Insights into CO/Styrene Copolymerization by Using PdII Catalysts Containing Modular Pyridine–Imidazoline Ligands

TLDR: The performance of the cationic complexes as catalyst precursors in CO/4-tert-butylstyrene copolymerization under mild pressures and temperatures was analyzed in terms of the productivity and degree of stereoregularity of the polyketones obtained.
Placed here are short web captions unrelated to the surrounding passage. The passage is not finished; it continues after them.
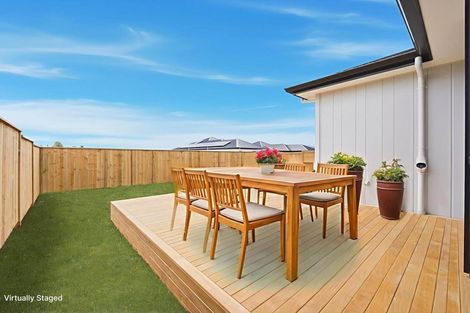 Photo of property in 8 Kakano Street, Clevedon, 2582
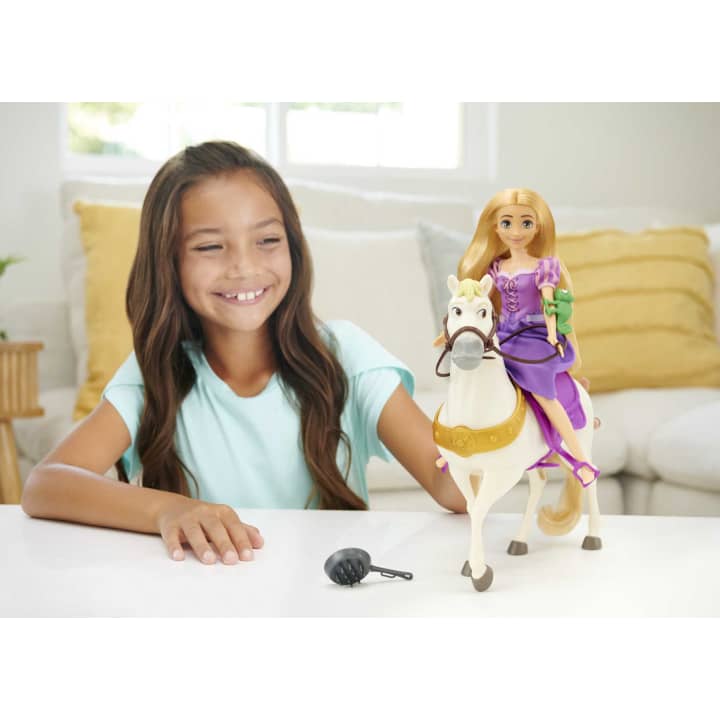 Disney Princess Fashion Doll & Maximus Playset by Mattel - Image 3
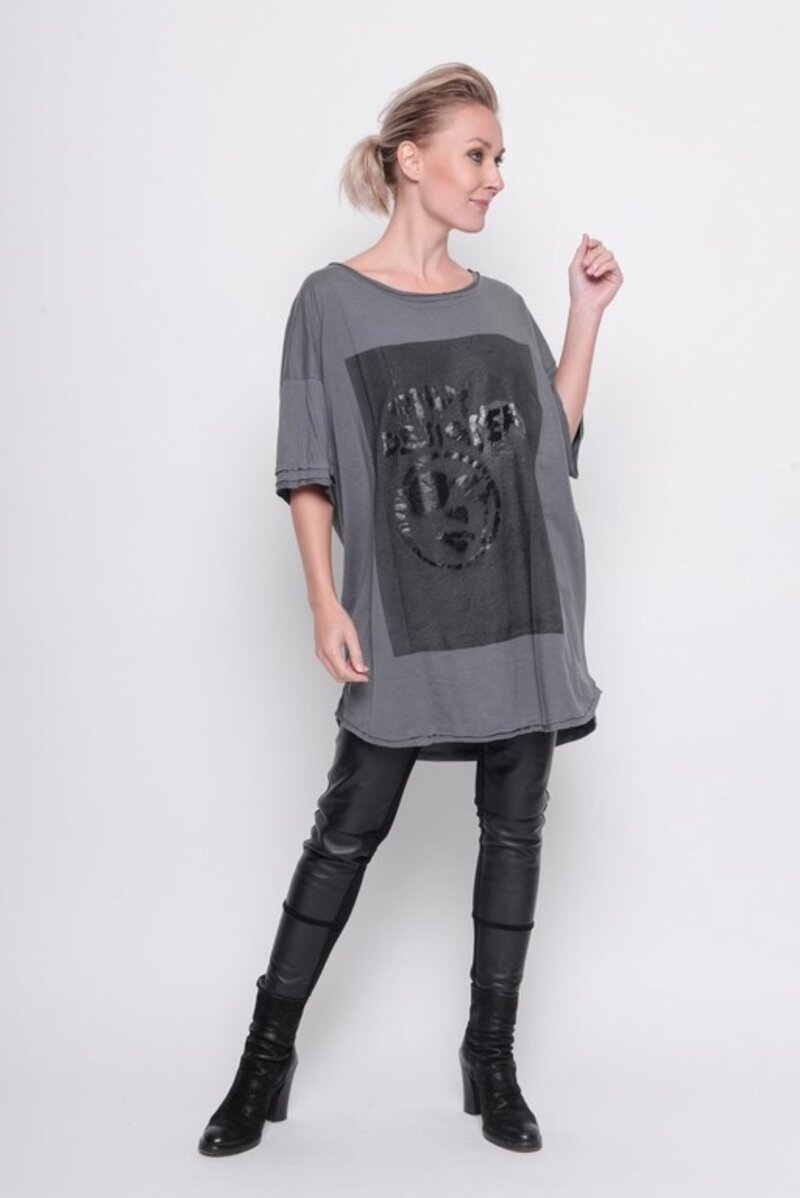 
                  
                    202.23.02 Big shirt ONLY DESIGNER 60% COTTON 40% MODAL GREY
Abstract: Continuing our studies into the effect that N-N' ligands have on CO/styrene copolymerization, we prepared new C(1)-symmetrical pyridine-imidazoline ligands with 4',5'-cis stereochemistry in the imidazoline ring (5) and 4',5'-trans stereochemistry (6-10) and compared them with our previously reported ligands (1-4). Their coordination to neutral methylpalladium(II) (5 a-10 a) and cationic complexes (5 b-10 b), investigated in solution by NMR spectroscopy, indicates that both the electronic and steric properties of the imidazolines determine the stereochemistry of the palladium complexes. The crystal structures of two neutral palladium precursors [Pd(Me)(2-n)Cl(n)(N-N')] (n=1 for 8 a; n=2 for 9 a') show that the Pd-N coordination distances and the geometrical distortions in the imidazoline ring depend on the electronic nature of the substituents in the imidazoline fragment. Density functional calculations performed on selected neutral and cationic palladium complexes compare well with NMR and X-ray data. The calculations also account for the formation of only one or two stereoisomers of the cationic complexes. The performance of the cationic complexes as catalyst precursors in CO/4-tert-butylstyrene copolymerization under mild pressures and temperatures was analyzed in terms of the productivity and degree of stereoregularity of the polyketones obtained. Insertion of CO into the Pd-Me bond, which was monitored by multinuclear NMR spectroscopy, shows that the N ligand influences the stereochemistry of the acyl species formed.